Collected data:

+ + + + + + +

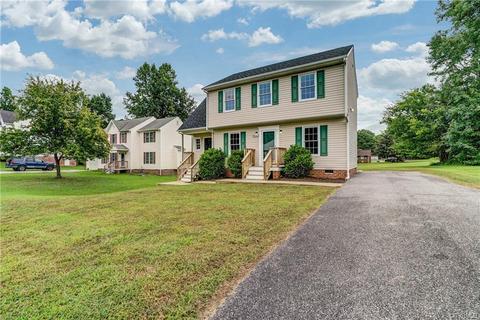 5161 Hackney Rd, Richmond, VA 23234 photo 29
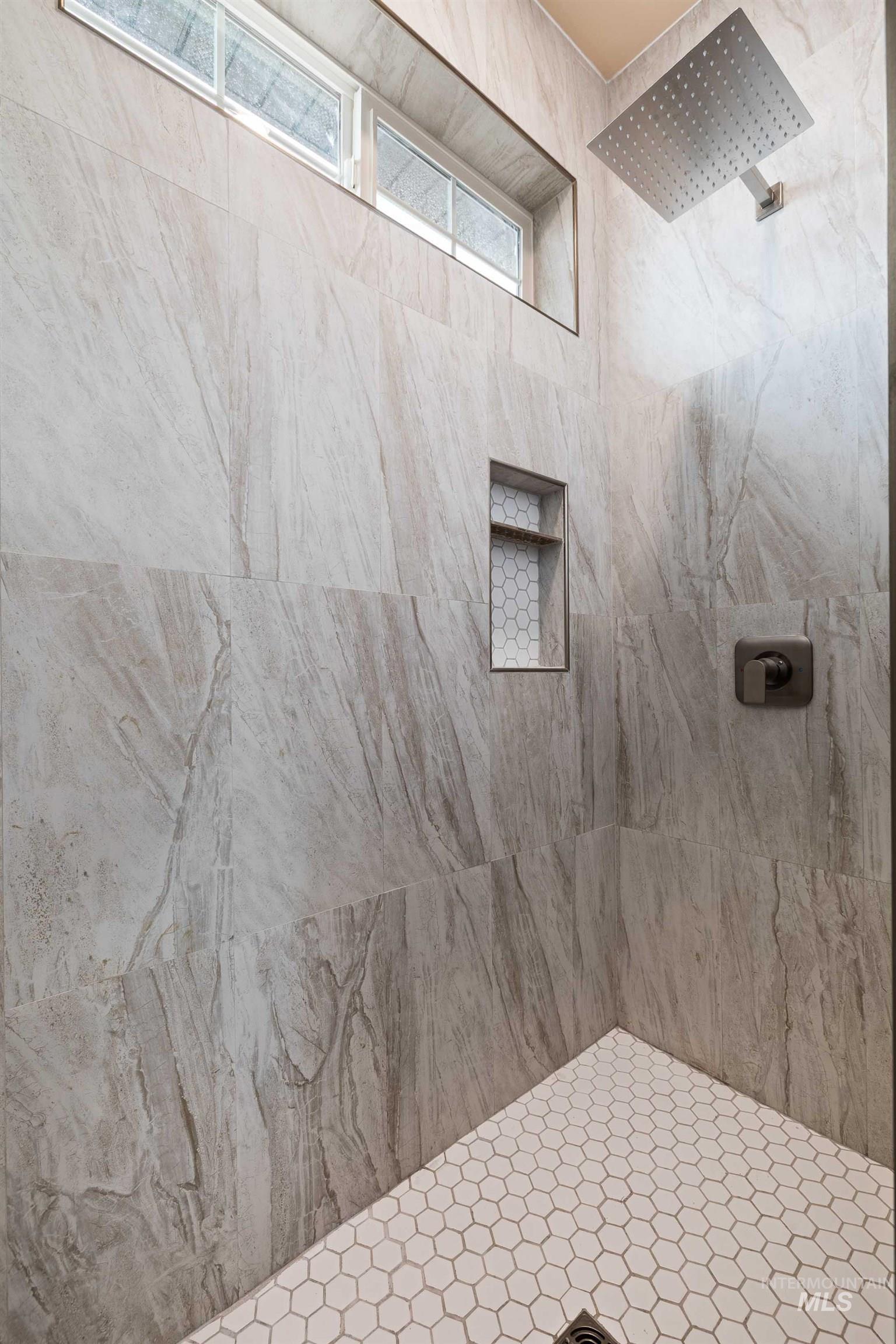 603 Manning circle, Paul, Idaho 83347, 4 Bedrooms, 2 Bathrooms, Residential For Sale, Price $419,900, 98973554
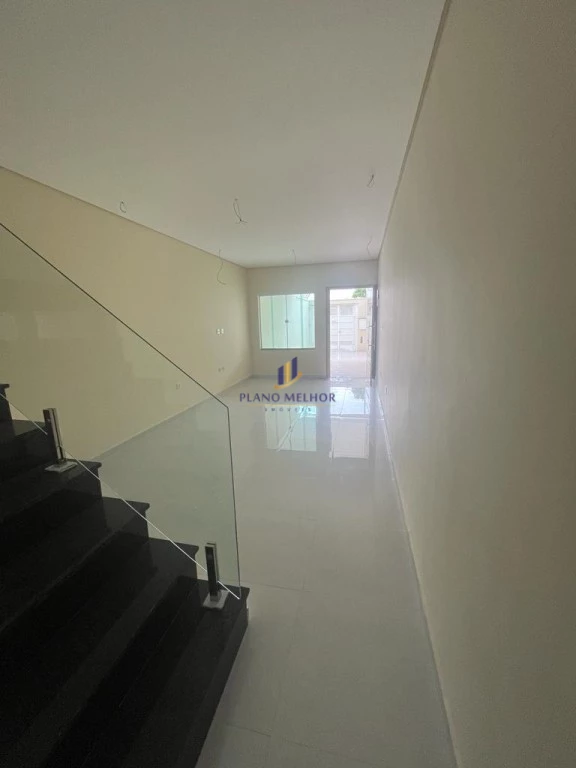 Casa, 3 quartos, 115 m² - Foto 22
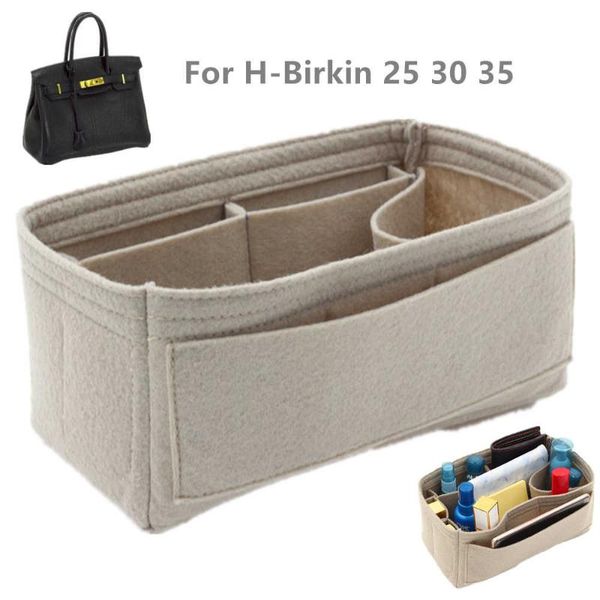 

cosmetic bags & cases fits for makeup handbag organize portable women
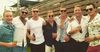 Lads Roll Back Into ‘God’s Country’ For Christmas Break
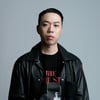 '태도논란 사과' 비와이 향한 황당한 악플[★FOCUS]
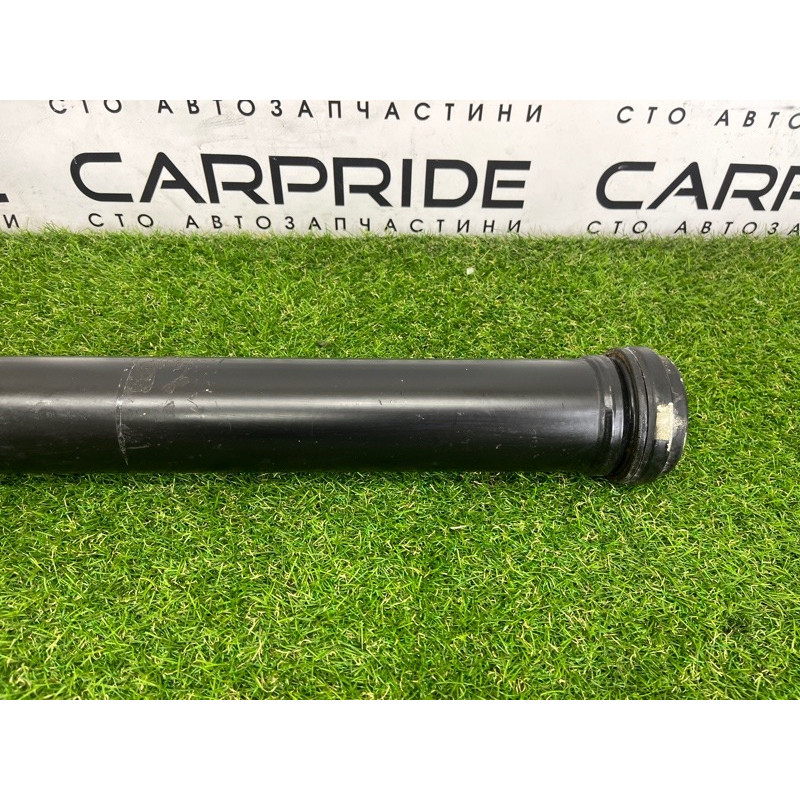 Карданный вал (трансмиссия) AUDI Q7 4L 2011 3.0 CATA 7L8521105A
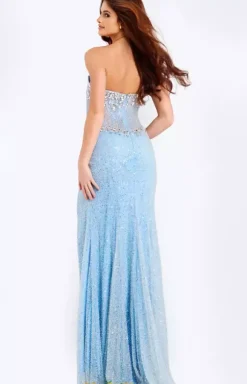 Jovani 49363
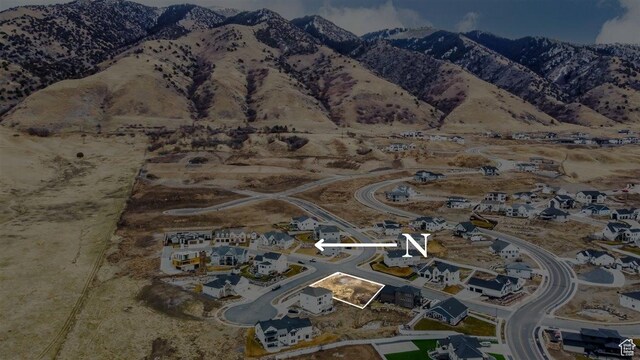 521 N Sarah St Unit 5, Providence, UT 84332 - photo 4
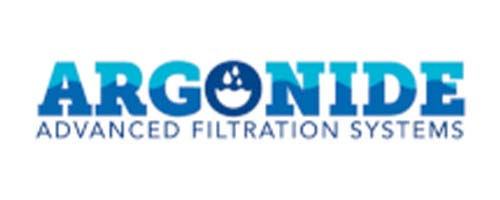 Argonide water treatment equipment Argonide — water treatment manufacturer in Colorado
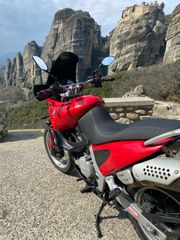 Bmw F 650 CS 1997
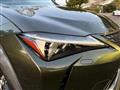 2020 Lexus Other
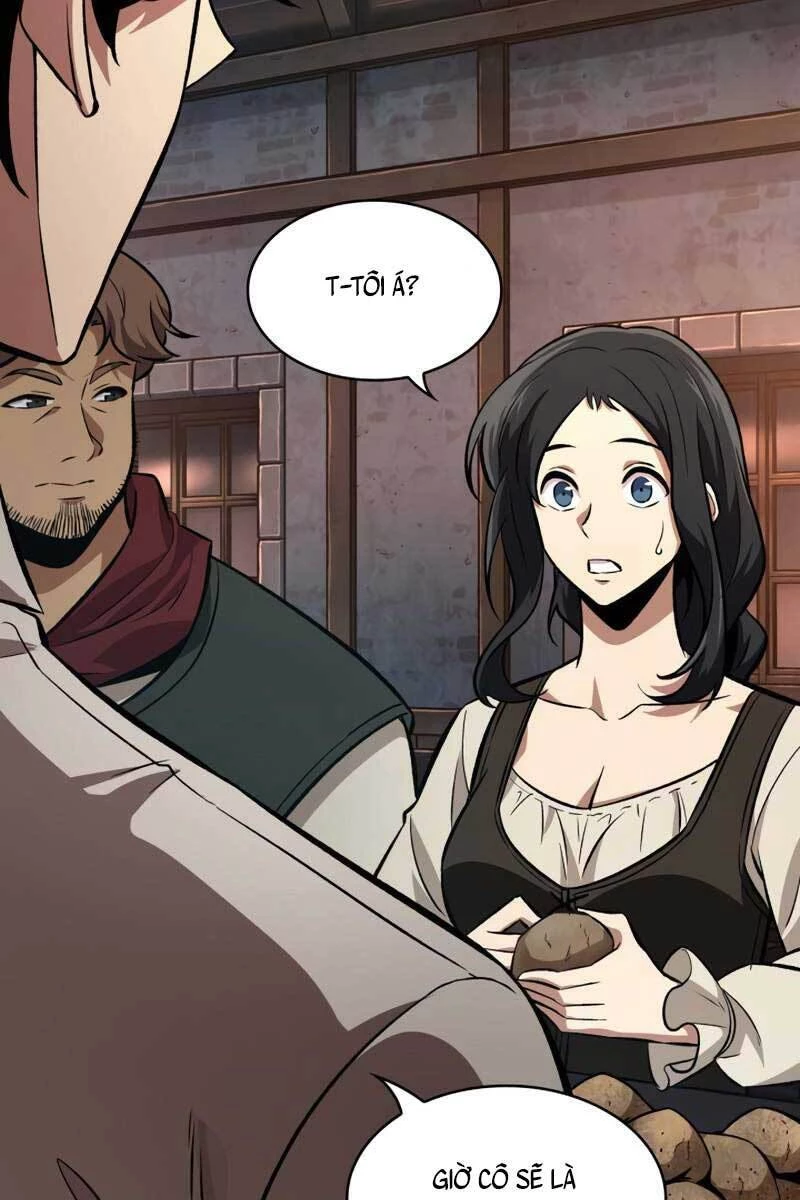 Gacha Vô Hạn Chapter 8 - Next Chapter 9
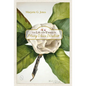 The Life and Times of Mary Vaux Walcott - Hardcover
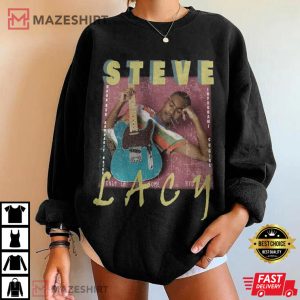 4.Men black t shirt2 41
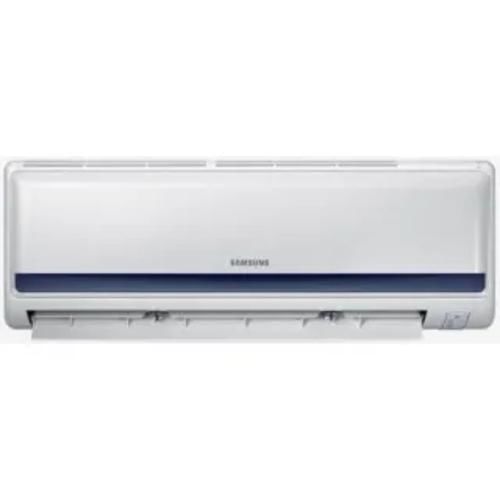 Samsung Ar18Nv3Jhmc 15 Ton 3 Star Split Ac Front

+ + + + + + +

[Activity]
Copy out all the data exactly. The images should not appear in the copy.

[Solution to this exercise]
 5161 Hackney Rd, Richmond, VA 23234 photo 29
 603 Manning circle, Paul, Idaho 83347, 4 Bedrooms, 2 Bathrooms, Residential For Sale, Price $419,900, 98973554
 Casa, 3 quartos, 115 m² - Foto 22

cosmetic bags & cases fits for makeup handbag organize portable women
 Lads Roll Back Into ‘God’s Country’ For Christmas Break
 '태도논란 사과' 비와이 향한 황당한 악플[★FOCUS]
 Карданный вал (трансмиссия) AUDI Q7 4L 2011 3.0 CATA 7L8521105A
 Jovani 49363
 521 N Sarah St Unit 5, Providence, UT 84332 - photo 4
 Argonide water treatment equipment Argonide — water treatment manufacturer in Colorado
 Bmw F 650 CS 1997
 2020 Lexus Other
 Gacha Vô Hạn Chapter 8 - Next Chapter 9
 The Life and Times of Mary Vaux Walcott - Hardcover
 4.Men black t shirt2 41
 Samsung Ar18Nv3Jhmc 15 Ton 3 Star Split Ac Front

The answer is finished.